▶ **PROVIDED MATERIAL**:
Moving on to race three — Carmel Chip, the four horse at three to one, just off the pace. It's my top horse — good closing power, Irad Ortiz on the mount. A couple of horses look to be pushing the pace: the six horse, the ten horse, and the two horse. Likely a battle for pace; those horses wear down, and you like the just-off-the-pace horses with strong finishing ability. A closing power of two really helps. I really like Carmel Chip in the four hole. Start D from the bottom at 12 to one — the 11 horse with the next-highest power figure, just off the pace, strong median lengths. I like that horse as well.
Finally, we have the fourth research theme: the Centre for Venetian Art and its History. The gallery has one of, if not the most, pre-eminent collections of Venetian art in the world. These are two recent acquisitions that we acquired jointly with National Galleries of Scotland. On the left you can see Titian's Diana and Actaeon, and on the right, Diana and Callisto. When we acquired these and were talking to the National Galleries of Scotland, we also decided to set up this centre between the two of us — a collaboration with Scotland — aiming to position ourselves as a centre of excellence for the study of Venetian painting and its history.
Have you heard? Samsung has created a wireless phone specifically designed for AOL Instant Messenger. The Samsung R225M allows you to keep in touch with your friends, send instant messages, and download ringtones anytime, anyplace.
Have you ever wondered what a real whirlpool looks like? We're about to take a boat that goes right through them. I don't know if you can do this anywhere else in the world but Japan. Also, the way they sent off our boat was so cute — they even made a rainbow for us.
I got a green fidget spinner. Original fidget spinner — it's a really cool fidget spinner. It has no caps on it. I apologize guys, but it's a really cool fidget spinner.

---

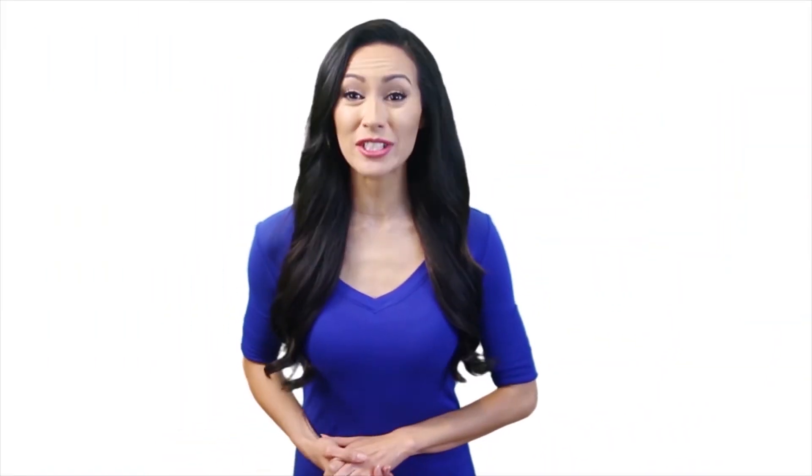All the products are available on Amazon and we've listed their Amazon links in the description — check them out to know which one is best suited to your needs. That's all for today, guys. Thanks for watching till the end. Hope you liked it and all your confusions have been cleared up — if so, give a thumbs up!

==

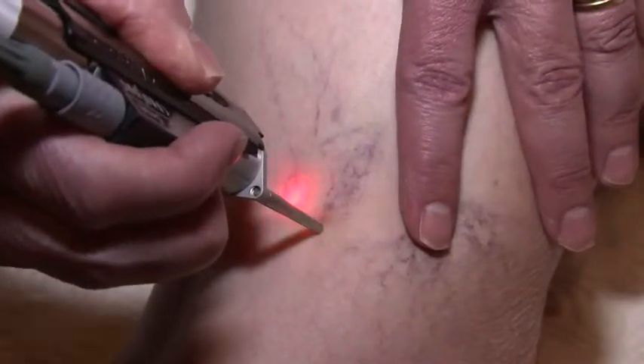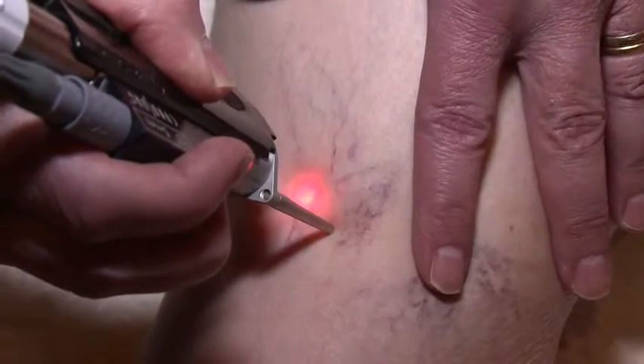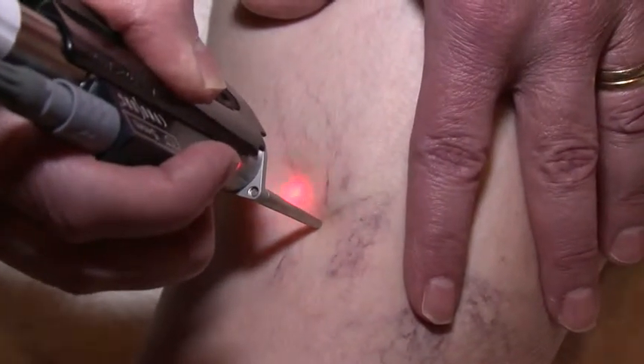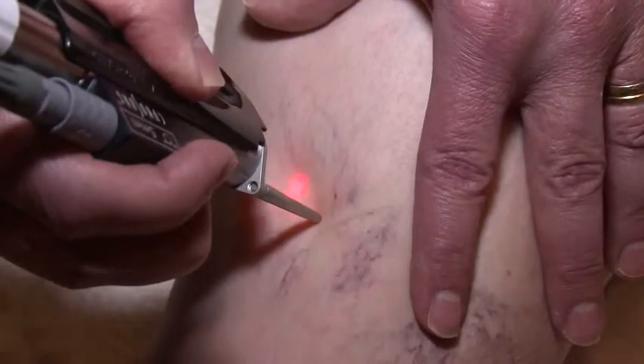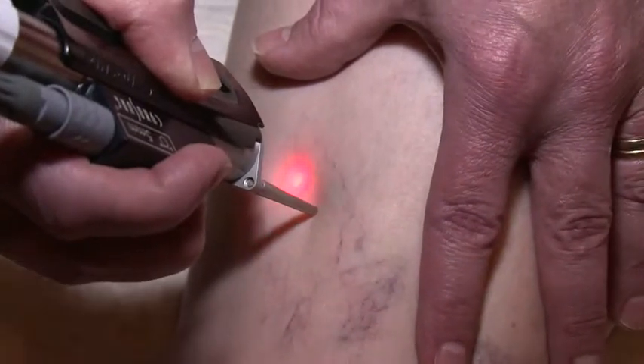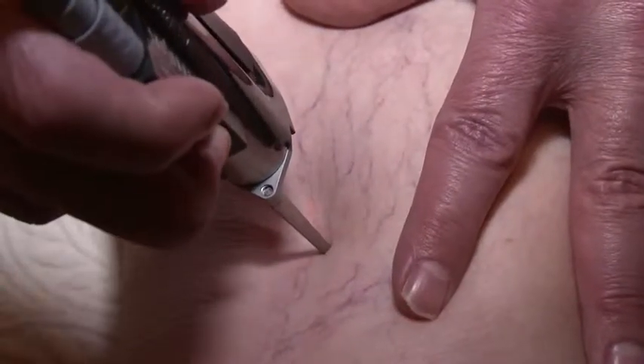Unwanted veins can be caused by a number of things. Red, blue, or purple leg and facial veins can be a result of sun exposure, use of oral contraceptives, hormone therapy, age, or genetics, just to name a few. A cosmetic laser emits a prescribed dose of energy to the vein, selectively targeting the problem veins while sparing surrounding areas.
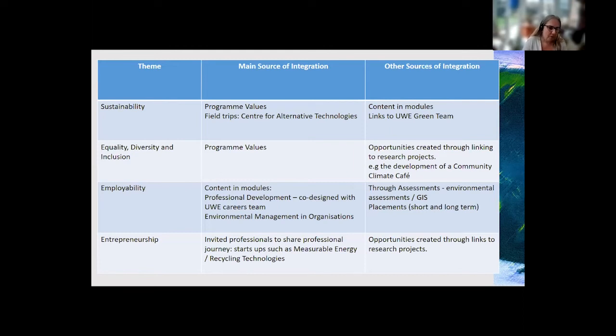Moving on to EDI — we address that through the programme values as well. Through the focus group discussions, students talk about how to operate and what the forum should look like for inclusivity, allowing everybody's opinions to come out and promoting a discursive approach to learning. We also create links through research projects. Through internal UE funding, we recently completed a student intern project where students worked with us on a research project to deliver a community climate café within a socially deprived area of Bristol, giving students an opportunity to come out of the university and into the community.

▶ **AIM OF THE EXERCISE**: With the line that has "Have you ever" as the first and the line that has "I got a green" as the last, repeat exactly that run of lines above and no more.

▶ **TASK OUTPUT**:
Have you ever wondered what a real whirlpool looks like? We're about to take a boat that goes right through them. I don't know if you can do this anywhere else in the world but Japan. Also, the way they sent off our boat was so cute — they even made a rainbow for us.
I got a green fidget spinner. Original fidget spinner — it's a really cool fidget spinner. It has no caps on it. I apologize guys, but it's a really cool fidget spinner.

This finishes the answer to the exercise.